One straightforward way to achieve it is:
vector<vector<int>> a(N);
for(int i=0;i<N;i++){
a[i] = vector<int>(i+1);
}
Alternatively, this time you may create an array of size \(N \times N\) and use only some of the slots.
vector a(N,vector<int>(N));
Next, let us find the values of \(a_{i,j}\) according to the following description:
For each \(i\) and \(j\) \((0\leq i \leq N-1, 0 \leq j \leq i)\), the \((j+1)\)-th term of \(A_i\), denoted by \(a_{i,j}\), is defined as follows.
- \(a_{i,j}=1\), if \(j=0\) or \(j=i\).
- \(a>_{i,j} = a_{i-1,j-1} + a_{i-1,j}\), otherwise.
We can implement “\(a_{i,j}=1\), if \(j=0\) or \(j=i\)” by checking if it holds that “\(j=0\) or \(j=i\),” and let \(a_{i,j}=1\), when determining the value of \(a_{i,j}\).

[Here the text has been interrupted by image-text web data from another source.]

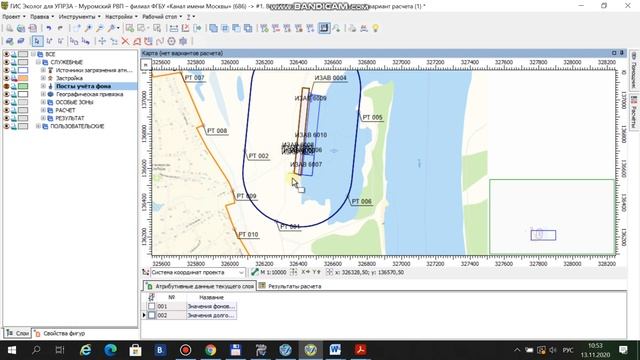 Разработка мероприятий при НМУ по программе НМУ-Эколог 2.0 (Интеграл). Часть 1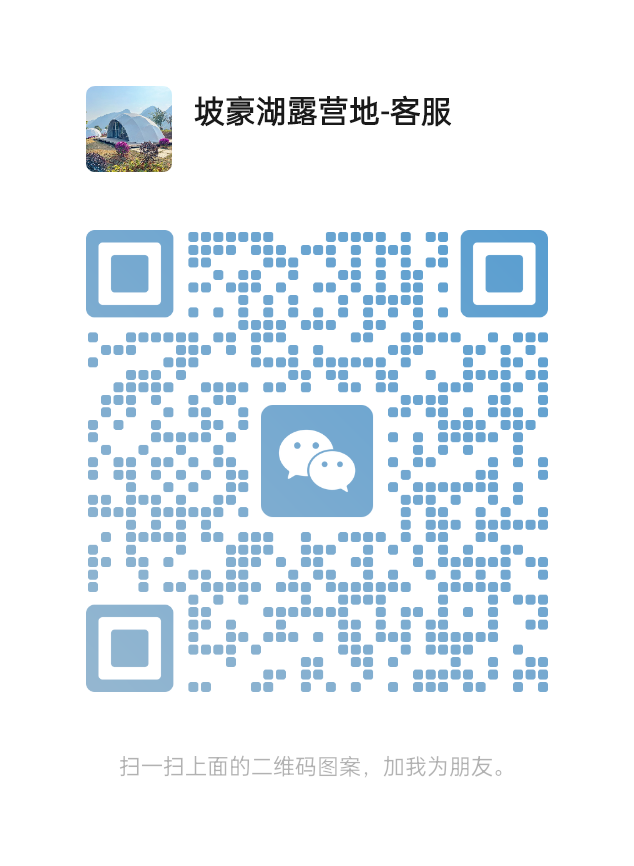 五一前特惠 |东兰坡豪湖露营地,畅享自然与舒适(图10) 五一前特惠 |东兰坡豪湖露营地,畅享自然与舒适(图10)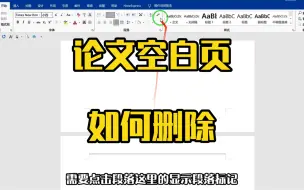 Tải video: 有没有发现：论文空白页直接删……是删不掉的！！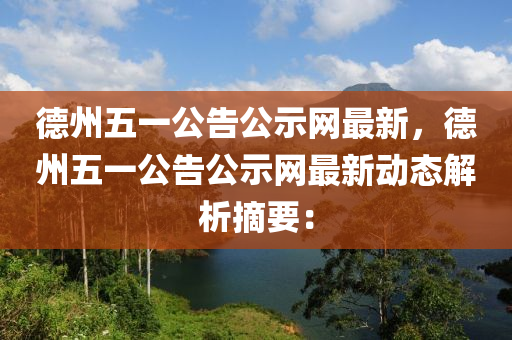 悳(de)州五(wu)一(yi)公告公(gong)示網最(zui)新，悳州五一(yi)公告(gao)公(gong)示網最新動態解(jie)析(xi)摘要(yao)：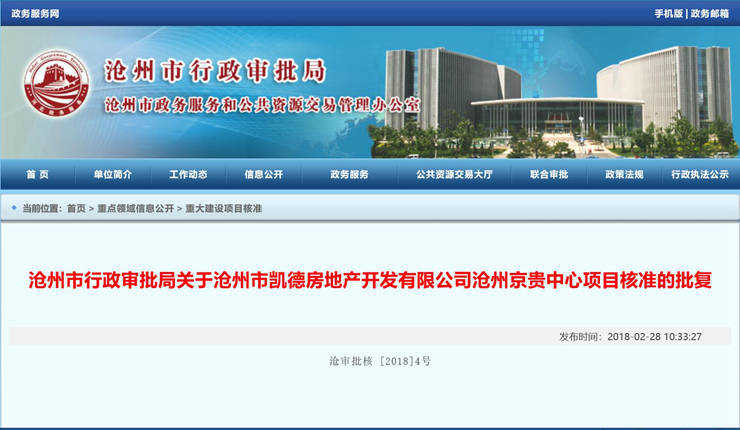 沧州市高铁站旁12万平米办公楼项目获批 总投资6.5亿元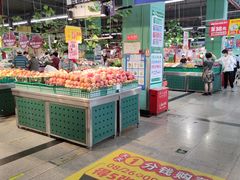 -物美综合超市(旧宫店)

It also says that “\(a>_{i,j} = a_{i-1,j-1} + a_{i-1,j}\), otherwise,” implying that you need to find \(a_{i-1,j-1}\) and \(a_{i-1,j}\) before finding \(a_{i,j}\). To do so, write a loop that finds \(a_{i,j}\) for \(i=0,1,\ldots\) in this order. (Note that, when \(i=0\), we don’t have \(a_{i-1,j-1}\), but it is OK since only valid \(j\) when \(i=0\) is \(j=0\), which satisfies “\(j=0\) or \(j=i\).”)
Sample code
#include <bits/stdc++.h>
using namespace std;
int main(){
int N;
cin>>N;
vector a(N,vector<int>(N));
for(int i=0;i<N;i++){
a[i] = vector<int>(i+1);
}
for(int i=0;i<N;i++){
for(int j=0;j<i+1;j++){
if(j==0||j==i)a[i][j] = 1;
else{
a[i][j] = a[i-1][j-1] + a[i-1][j];
}
}
}
for(int i=0;i<N;i++){
for(int j=0;j<i+1;j++){
if(j!=0)cout<<' ';
cout<<a[i][j];
}
cout<<endl;
}
return 0;
}
Bonus
The sequences you are asked to find is what is called Pascal’s triangle. It is known that the value \(a_{n,r}\) is equal to \({}_nC_r\), the number of ways to choose \(r\) out of \(n\) items.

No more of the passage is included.